**Task objective:** Please return the listing below word for word, minus its pictures.

**Data segment:**
________________

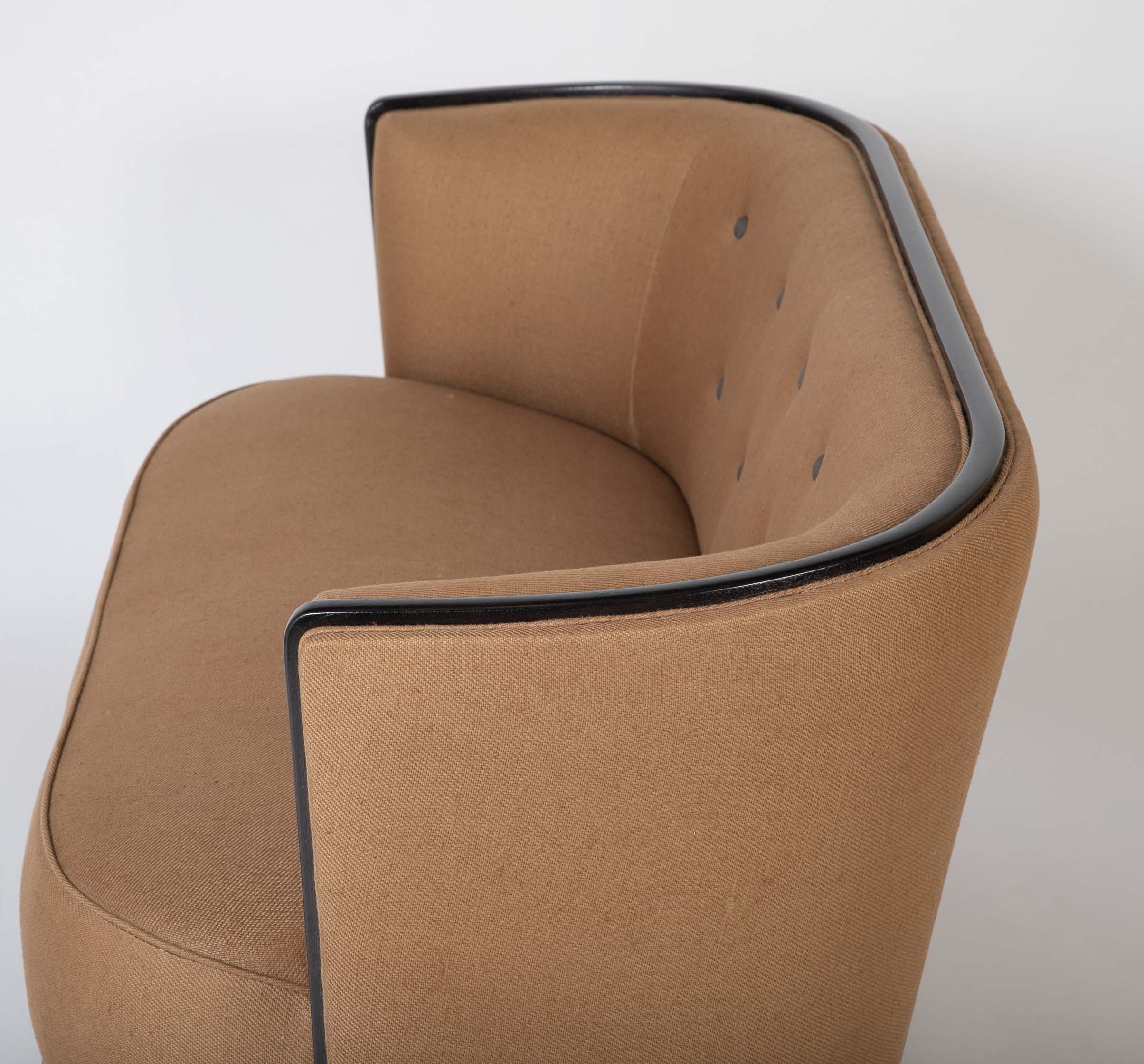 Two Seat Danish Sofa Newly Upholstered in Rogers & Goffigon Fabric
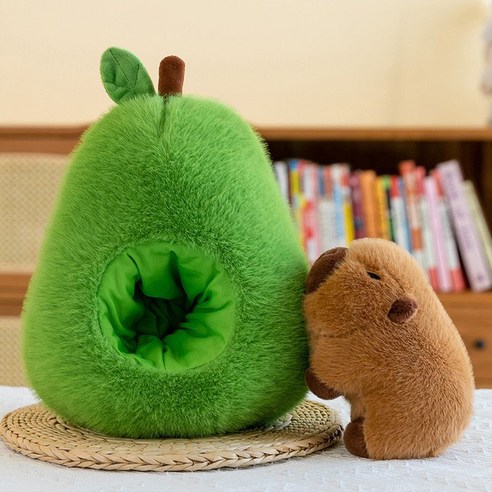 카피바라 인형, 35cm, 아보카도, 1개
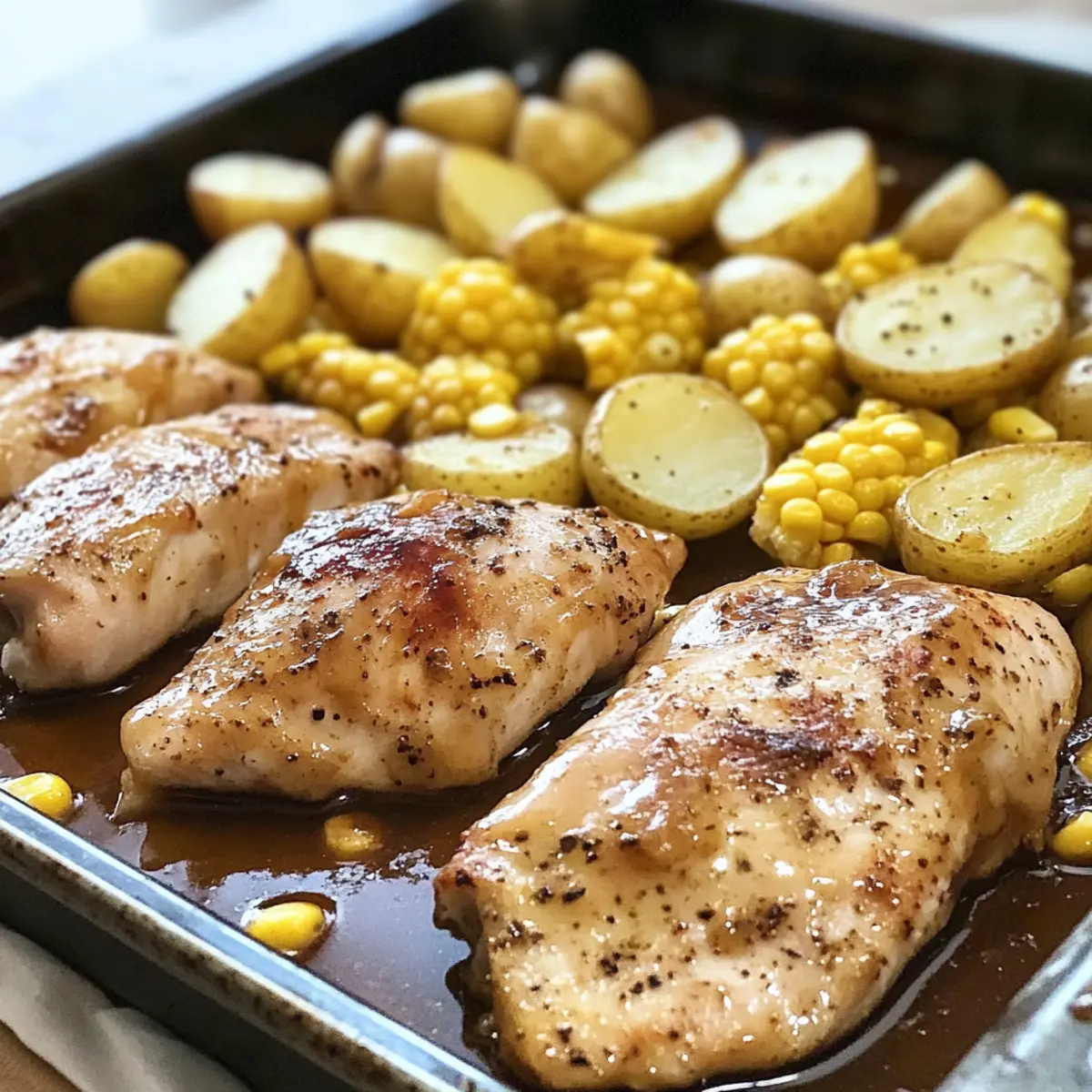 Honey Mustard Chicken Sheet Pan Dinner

________________

**Solution to this problem:**
 Two Seat Danish Sofa Newly Upholstered in Rogers & Goffigon Fabric
 카피바라 인형, 35cm, 아보카도, 1개
 Honey Mustard Chicken Sheet Pan Dinner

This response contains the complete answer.